Crossing the Southfork over the snow bridge at the fallen tree.


For more information on this hike, driving directions etc., see an earlier post "Lower Eagle River Trail" on this blog under Alaska Hikes. Also see Alaska Llamas on Facebook.




Saturday, March 30, 2019

Can't carry a heavy backpack into the wilderness anymore?

Then let your 300 pound hiking (llama) partner carry the pack and you can still enjoy the wilderness! Checkout the PBS video below for more.



Monica Drost and her friends have been backpacking together since they were in college. But now in their 50s, they can’t carry their heavy packs anymore. Luckily, they found a llama outfitter and can now enjoy the wilderness without the aches and pains. 

Click here for Llama Backpacking Video 

Thursday, February 28, 2019

Eagle River Nature Center (ERNC) to Heritage Falls

The Historic Iditarod (aka Crow Pass) Trail which spans the Girdwood Valley to Eagle River is considered one of the best trails to hike in the Chugach mountain range and offers diverse scenic sights including glaciers, waterfalls, wildlife. It’s not only a great hiking/backpacking route, but it's also an historic portion of the Iditarod Trail that led from Seward to mines in the Interior. A bit of trivia not known by many is that this trail was rebuilt in the 1970s with girl scout labor.

There are a number of hiking options from the Eagle River Nature Center (ERNC) parking lot. You can hike the entire twenty-three mile traverse, hike portions of the Crow Pass trail (as I often do) or take other shorter trails that start from the ERNC. Follow this link for more on these shorter trails. Eagle River Nature Center Trails.

If you elect to hike the entire twenty-three mile traverse you can start from either Girdwood or the ERNC. The Elevation Gain is 2,100 feet from Crow Creek trailhead; and 3,100 feet from the ERNC so most hikers start from the ERNC. 



ERNC to Heritage Falls
One of my favorite sections is the trail from the ERNC to Heritage Falls.  It's about a 10.5 mile round trip (RT) from the ERNC and makes for a nice day hike. The trail from the Nature Center to the Perch (mile 4) and then on to Heritage Falls (mile 5) can usually be hiked all times of the year including winter.

(Note: this is not true of the Cross Pass end where avalanche danger is a concern during the winter months.)

View from new trail above the Perch 
From the ERNC, the first section of trail meanders through the woods until it meets up with the Eagle River at Echo Bend (mile 3) where it generally follows the river from this point forward. At about mile 1.2 the hiker gets a first glimpse of the Eagle River below the "Rapids Camp." (There is a short trail down to the river opposite the Rapids Camp.) It's not uncommon to see moose, sheep, goats and bear on your way to Heritage Falls depending on the time of year you are hiking. During the fall, you have the added bonus of stunning fall colors. 

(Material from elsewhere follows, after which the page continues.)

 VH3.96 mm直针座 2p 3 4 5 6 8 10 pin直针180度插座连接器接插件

The trail once ran adjacent to the river at approximately mile 4 near the Perch. Due to erosion it has been rerouted above the "Perch" and outstanding views of the Eagle River can now be had from the new "high" trail.

During winter months when the river is frozen, the hiker can alternate between the river and the trail. The trail from the Perch to Heritage Falls is more direct than following the river on this section. So I usually hike the river from Echo Bend (when frozen) to the Perch, and then get back on the trail just beyond the Perch for the remainder of the hike to Heritage Falls.

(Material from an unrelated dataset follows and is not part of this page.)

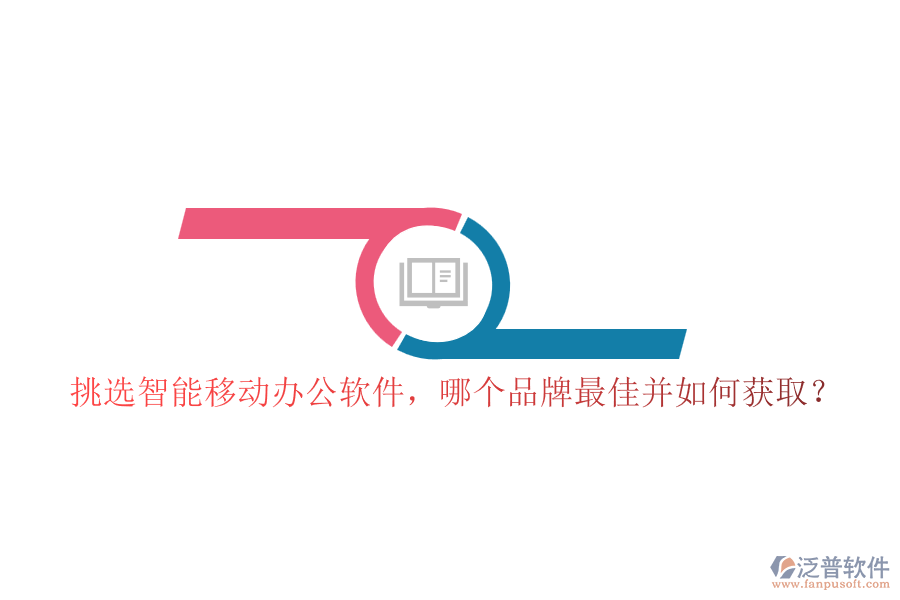 挑選智能移動辦公軟件，哪個品牌最佳并如何獲??？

Once you've hiked about five miles (from the ERNC), you will notice some camping spots near the river. At this point, look across the Eagle River, and you will see Heritage Falls - frozen in the winter. This is a great place for a lunch break (or an overnight if you are camping). If you hike another half mile, you will arrive at Icicle Creek. Whatever your destination, enjoy!